Noel Gallagher, 56 years old, is like an old friend who, even if you haven’t seen him in a while or lost touch for a period, never betrays and understands what you need. In Italy, with a full live performance, he hadn’t been around since 2019. In the end, immersing oneself in his words and melodies means, for more than one generation, feeling somehow at home. Especially today when music, in terms of rhythms and sounds, sometimes seems crazy and indecipherable, letting oneself go into the waves of former Oasis songs provides peace and a comforting feeling.
From San Siro to Guardiola’s cardboard cutout
Noel, just like a drinking buddy at the pub, you can catch him at the stadium, in a hoodie and jeans, watching Milan-PSG, greeting the Rossoneri fans with a “hello, I’m Rod Stewart,” and then, change scene, in the role of a musician and singer-songwriter with a denim jacket on the stage of the Milan Forum, alongside his seasoned High Flying Birds, breaking the hearts of thousands of fans with “Don’t Look Back in Anger,” a mid-’90s song that has become over time a sort of planetary anthem playing with eternity. It was Oasis’ first single in which Noel replaced his brother Liam as the lead vocalist, another lifelong friend for rock lovers, but more caustic and hot-headed. The fairy tale of seeing them together is always necessary to make us believe that we haven’t become adults in some way. But in the meantime, the two continue to quarrel from a distance: “Liam, without Oasis, doesn’t exist,” he announced just before coming to Italy.

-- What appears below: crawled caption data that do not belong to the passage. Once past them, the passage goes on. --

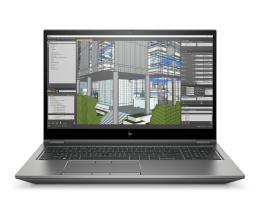 HP ZBook Fury 15 G8 314K7EA 15.6'' UHD / i9-11950H / 32GB (1x32GB) / 1TB SSD NVMe / NVIDIA RTX A4000 8 GB / W10 Pro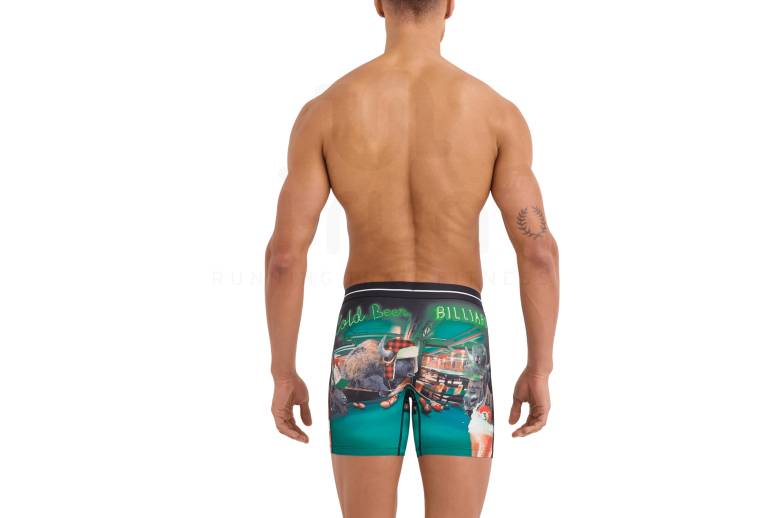 Saxx Volt Breathable Mesh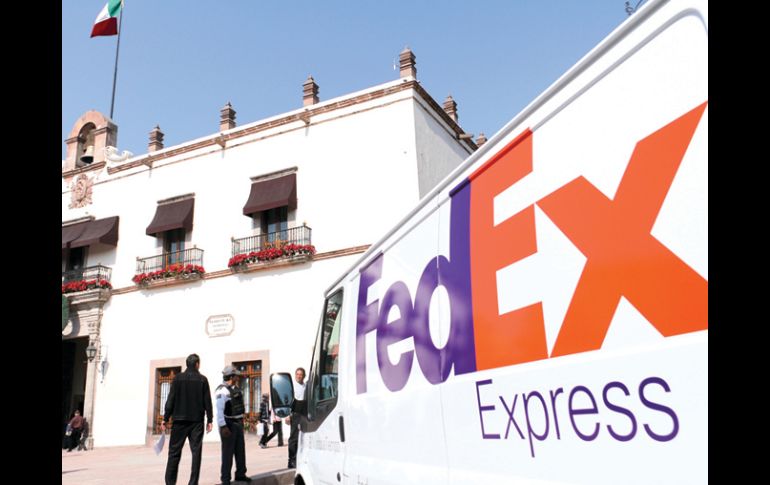 Potencial. Del 2009 a la fecha, la firma invirtió US160 millones. ARCHIVO /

Noel kicks off with tracks from “Council Skies,” his latest solo project released this summer, although it’s not exactly “solo.” It is, in fact, the most collaborative and “live in studio” work of his career, one of the best post-Oasis albums, where the High Flying Birds truly take on the role of a band, and there’s a crafted sound that enhances the writing. Lyrics that talk about dreams and rebirths, which is why he is surrounded by many different colorful flowers on stage. There’s also a life-size cardboard cutout of Guardiola: the manager of Manchester City, whom Noel is a big fan of, observing everything.
The new album
Noel has set aside the unique arrangements of “Who Built the Moon” from 2017 and returned to what he has always done best: classic songs with a ’90s retro flavor that come alive on stage. “Pretty Boy,” with that Cure-like taste (remixed by Robert Smith), “Council Skies,” telling the story of a shooting star to capture for toasting to better days, “Open the Door, See What You Find,” “We’re Gonna Get There in the End,” and “Easy Now” emerge with a calm strength in the first part of the concert. All the songs from the new album were written during lockdown. But “Council Skies” is not a “lockdown album”: the songs exude an intimate and melancholic yet never faded atmosphere, and many pieces, especially “Easy Now,” have liberating choruses. With “You Know We Can’t Go Back” and “In the Heat of the Moment,” we’re back to 2015’s “Chasing Yesterday,” while with “If I Had a Gun,” we travel back to 2011, although the song was written a few years earlier during the Oasis tour to promote the album “Dig Out Your Soul.” Among the most significant and emotional tracks in this first part is “Dead in the Water,” performed with just a guitar and voice: a piece reminiscent of Oasis, the only one from “Who Built the Moon.”
Oasis and Inter
It’s a temporal roller coaster that leads to the second part of the live performance, undoubtedly the most anticipated, even if shorter, where we dive into the Oasis repertoire. Seven songs, experienced and sung as collective rituals between the present and the past, with “The Masterplan” and “Little by Little” greeted with cheers. All leading to the musical miracle finale of “Don’t Look Back in Anger,” dedicated “to all Inter fans” (and here Noel gets some boos, the Gallagher brothers like to play with the football loyalties of fans) and then sung so loudly by the audience that it almost covers the voice of the Manchester artist. Before this fireworks display, there’s also time for a cover of Bob Dylan’s “Quinn the Eskimo (The Mighty Quinn),” released in the second half of the ’60s, telling the story of Quinn the Eskimo’s arrival in town, able to turn suffering into joy and peace. With these last beautiful pieces, Noel brings out words that have become over time stadium chants, the ones you need when the wounds don’t seem to heal. They are just like the consoling and vivid words, never paternal, of a friend who is always there. Despite the passing of time, he’s always there for us.